BEIJING — Scientists studying the Antarctic’s marine life received some unexpected news this month: China plans to vastly increase fishing for Antarctic krill – small crustaceans that are a critical food for the continent’s penguins and other creatures.

China currently harvests about 32,000 metric tons of krill annually from Antarctica’s waters, topped only by Norway and South Korea. Under China’s plans, detailed in a March 4 story in the state-run China Daily, the world’s most populous country would increase those catches 30 to 60 times, harvesting up to 2 million metric tons yearly.

Rodolfo Werner, a marine scientist and adviser to Antarctic conservation groups, said he doubts China can ramp up its catches to that level. But the fact that China has announced such ambitious plans worries him, partly because other countries might follow suit.

“I’m concerned – very concerned,” Werner said from his home in San Carlos de Bariloche, Argentina. “If they invest big money in their fishing fleets, it will push the system to relax the current (Antarctic) catch limits.”

Beijing’s fishing plans are part of its larger strategic interests in the frozen continent. Over the last three decades, China has built four research stations in Antarctica and is preparing to build a fifth. While an international treaty protects Antarctica from militarization and mining, the Chinese research stations have fueled speculation that China has long-term plans to exploit the continent’s vast energy and mineral resources.

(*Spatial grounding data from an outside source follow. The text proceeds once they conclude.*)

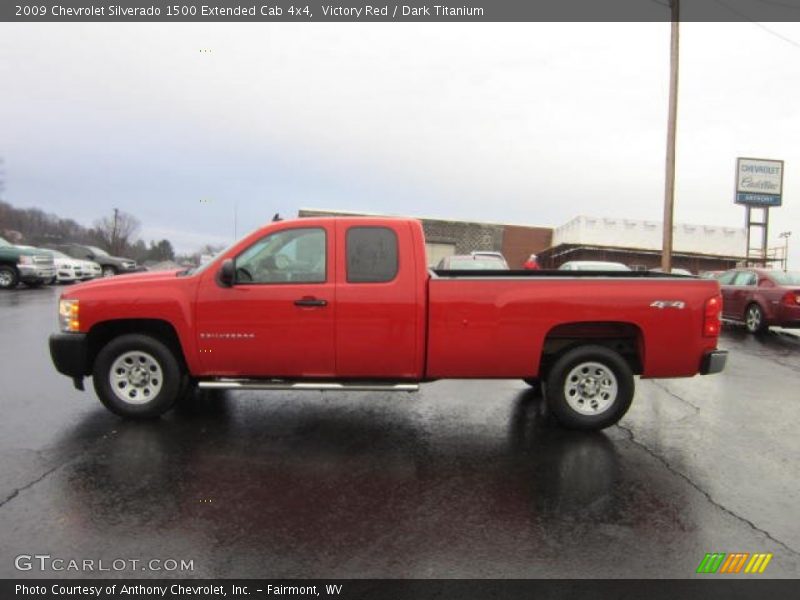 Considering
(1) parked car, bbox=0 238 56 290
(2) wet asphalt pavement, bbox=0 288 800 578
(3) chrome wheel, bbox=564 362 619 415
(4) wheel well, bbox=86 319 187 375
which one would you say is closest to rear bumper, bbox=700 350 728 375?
(2) wet asphalt pavement, bbox=0 288 800 578

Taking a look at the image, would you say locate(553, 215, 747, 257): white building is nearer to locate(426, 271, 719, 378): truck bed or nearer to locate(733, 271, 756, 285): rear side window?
locate(733, 271, 756, 285): rear side window

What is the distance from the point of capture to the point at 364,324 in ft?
16.6

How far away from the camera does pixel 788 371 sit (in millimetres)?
8586

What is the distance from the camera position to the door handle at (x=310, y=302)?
16.5 ft

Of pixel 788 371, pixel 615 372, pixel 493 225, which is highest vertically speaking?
pixel 493 225

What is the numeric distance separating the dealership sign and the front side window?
35428mm

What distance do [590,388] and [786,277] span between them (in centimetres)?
1002

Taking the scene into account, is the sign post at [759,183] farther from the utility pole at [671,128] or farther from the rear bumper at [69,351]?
the rear bumper at [69,351]

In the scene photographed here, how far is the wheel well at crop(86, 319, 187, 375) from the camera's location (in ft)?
17.5

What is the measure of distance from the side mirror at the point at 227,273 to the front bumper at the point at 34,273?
A: 19.3m

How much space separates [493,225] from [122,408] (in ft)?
107

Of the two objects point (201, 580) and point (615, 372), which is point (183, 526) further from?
point (615, 372)

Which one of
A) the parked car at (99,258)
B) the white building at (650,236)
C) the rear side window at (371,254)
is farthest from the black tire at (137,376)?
the white building at (650,236)

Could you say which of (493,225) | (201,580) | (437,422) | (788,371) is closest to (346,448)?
(437,422) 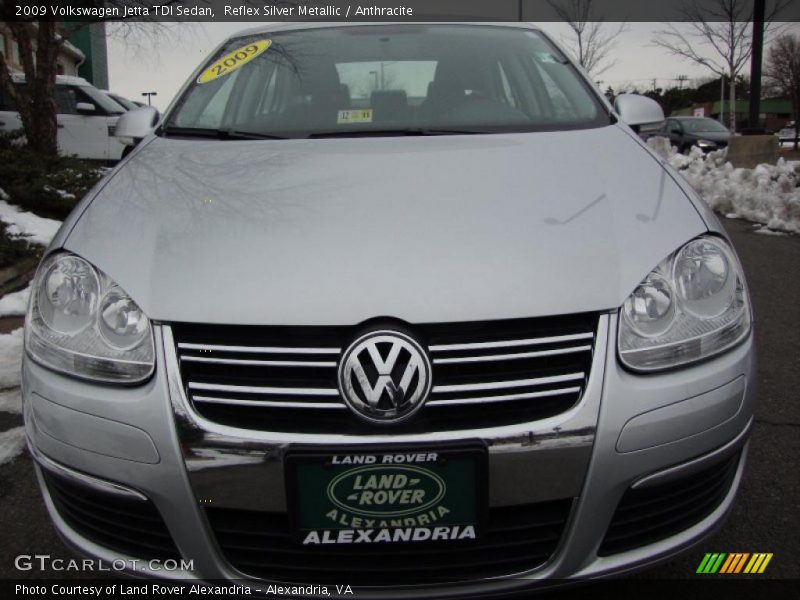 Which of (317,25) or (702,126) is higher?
(317,25)

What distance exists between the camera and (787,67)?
38562 millimetres

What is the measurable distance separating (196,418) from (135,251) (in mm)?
445

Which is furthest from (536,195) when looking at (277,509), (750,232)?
(750,232)

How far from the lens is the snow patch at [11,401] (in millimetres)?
3064

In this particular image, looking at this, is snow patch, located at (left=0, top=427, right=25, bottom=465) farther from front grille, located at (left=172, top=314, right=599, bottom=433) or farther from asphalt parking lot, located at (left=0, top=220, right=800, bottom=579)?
front grille, located at (left=172, top=314, right=599, bottom=433)

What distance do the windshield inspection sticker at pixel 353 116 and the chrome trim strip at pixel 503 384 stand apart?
1207 millimetres

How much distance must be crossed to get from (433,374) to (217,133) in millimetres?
1379

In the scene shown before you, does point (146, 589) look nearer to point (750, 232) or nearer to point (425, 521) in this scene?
point (425, 521)

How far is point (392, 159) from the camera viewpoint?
6.62ft

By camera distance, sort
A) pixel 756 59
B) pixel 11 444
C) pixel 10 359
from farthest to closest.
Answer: pixel 756 59 < pixel 10 359 < pixel 11 444

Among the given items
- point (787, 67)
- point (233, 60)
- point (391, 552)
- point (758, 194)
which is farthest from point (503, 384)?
point (787, 67)

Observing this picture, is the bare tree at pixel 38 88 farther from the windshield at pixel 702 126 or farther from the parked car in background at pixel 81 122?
the windshield at pixel 702 126

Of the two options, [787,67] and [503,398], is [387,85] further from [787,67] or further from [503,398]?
[787,67]

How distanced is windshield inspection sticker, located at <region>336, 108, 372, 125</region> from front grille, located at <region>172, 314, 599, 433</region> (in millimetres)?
1111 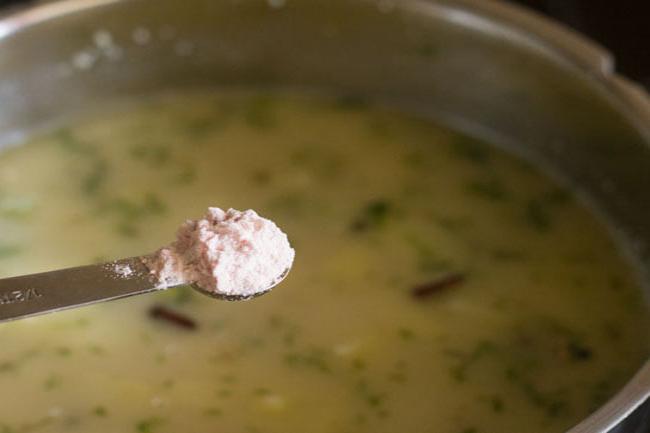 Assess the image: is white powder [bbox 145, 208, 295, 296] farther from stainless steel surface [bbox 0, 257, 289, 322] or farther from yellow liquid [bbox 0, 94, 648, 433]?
yellow liquid [bbox 0, 94, 648, 433]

With a population of nearly 1.4 billion, China is highly concerned about food security and harvests krill for a variety of products. These include livestock and aquaculture feed, fish bait and omega-3 dietary supplements.

Norway is the world’s largest harvester of Antarctic krill, largely to supply the supplements industry with omega-3 fatty acids.

Worldwide, huge swarms of krill help feed whales, penguins and other marine animals. Antarctic krill are small creatures but incredibly abundant. Scientists believe that the total weight of Antarctic krill is greater than the cumulative weight of any other animal species.

Despite that abundance, many conservationists are concerned that the Antarctic’s food chain is already being harmed by industrial krill fishing.